Last Sunday After Pentecost: "He Who came in Mercy shall return in Justice."

Source: St. Isidore Church & Priory

The Liturgy for the Last Sunday of Pentecost features the following warning: "He Who came in Mercy shall return in Justice."

"Amen, I say to you, that this generation shall not pass till all these things be done: heaven and earth shall pass, but My words shall not pass, saith the Lord.”

Our Lord came in humility, but He will return in glory; the object of His first coming being to prepare for the second. Those who receive Him gladly in time will be welcomed by him when eternity begins; while those who refused to acknowledge Him will be rejected.

For this reason the prophets do not make any clear distinction between the two comings of the Messias, since they are but two acts of the same divine drama. In the same way our Lord does not separate the destruction of Jerusalem from the end of the world, since the chastisement which fell upon the Jews in a symbol of the eternal punishment which will reach all those who have rejected our divine Redeemer. The first coming has taken place, the second is yet to come. Let us prepare for it. That is the tenor of today’s Gospel.

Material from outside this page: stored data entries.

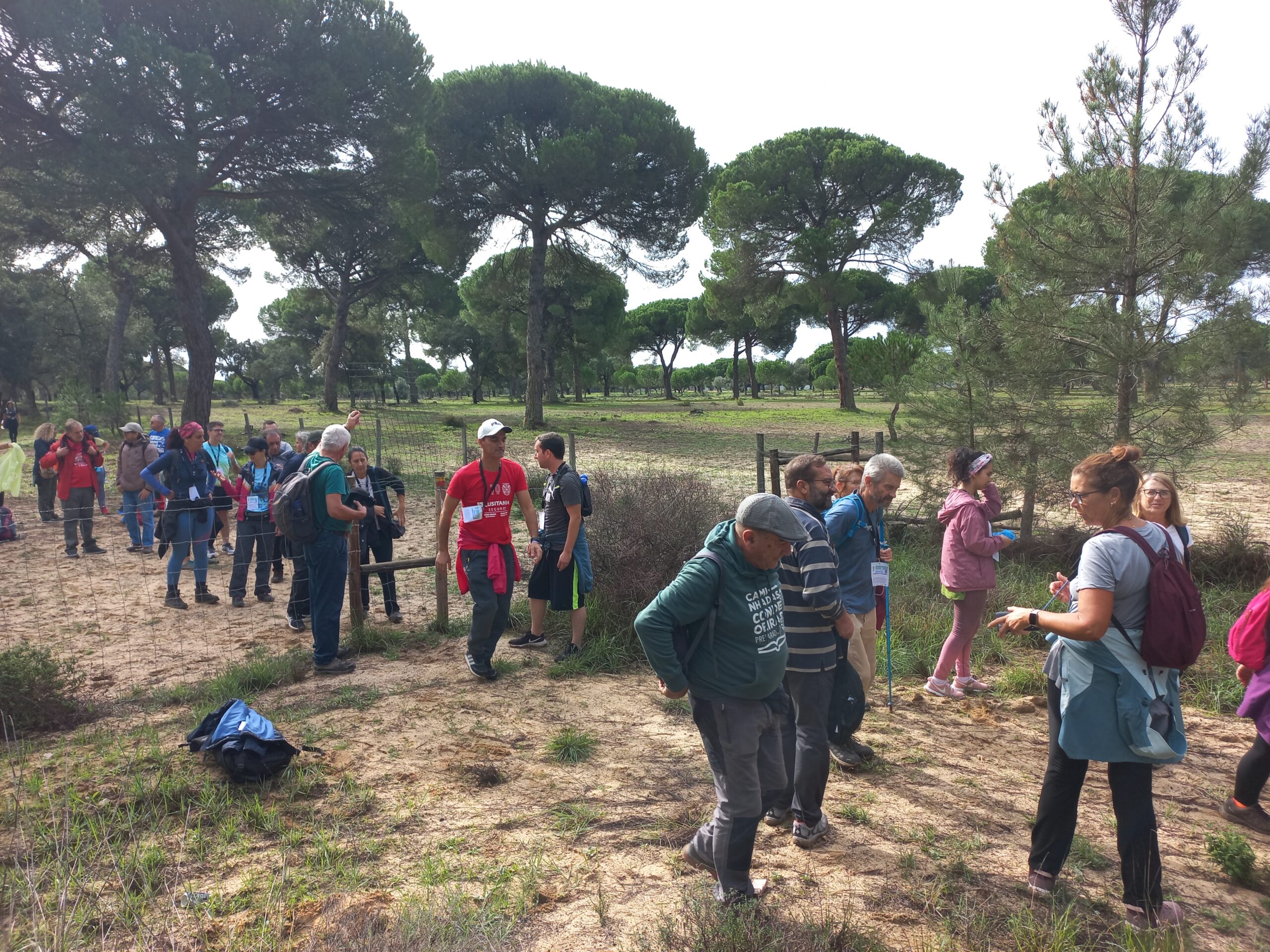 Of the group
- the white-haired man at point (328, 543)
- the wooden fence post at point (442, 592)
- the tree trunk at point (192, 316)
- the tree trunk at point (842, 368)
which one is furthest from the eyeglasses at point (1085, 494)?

With this account of the Last Judgment, closes the Temporal Cycle of the liturgical year which began on the first Sunday of Advent and ends today. Ever since Advent, the Church has been concerned with the preparation for these two comings of mercy and justice, for she never separates them. Never is this subject absent from her thoughts, least of all on this last Sunday; for if Christ came once at His first coming to save us, it was that we might enter heaven in His glorious train when he comes once more at the end of time. This will be the true Pasch, the full passing into the real land of promise, of which this concluding Sunday is the figure and the type.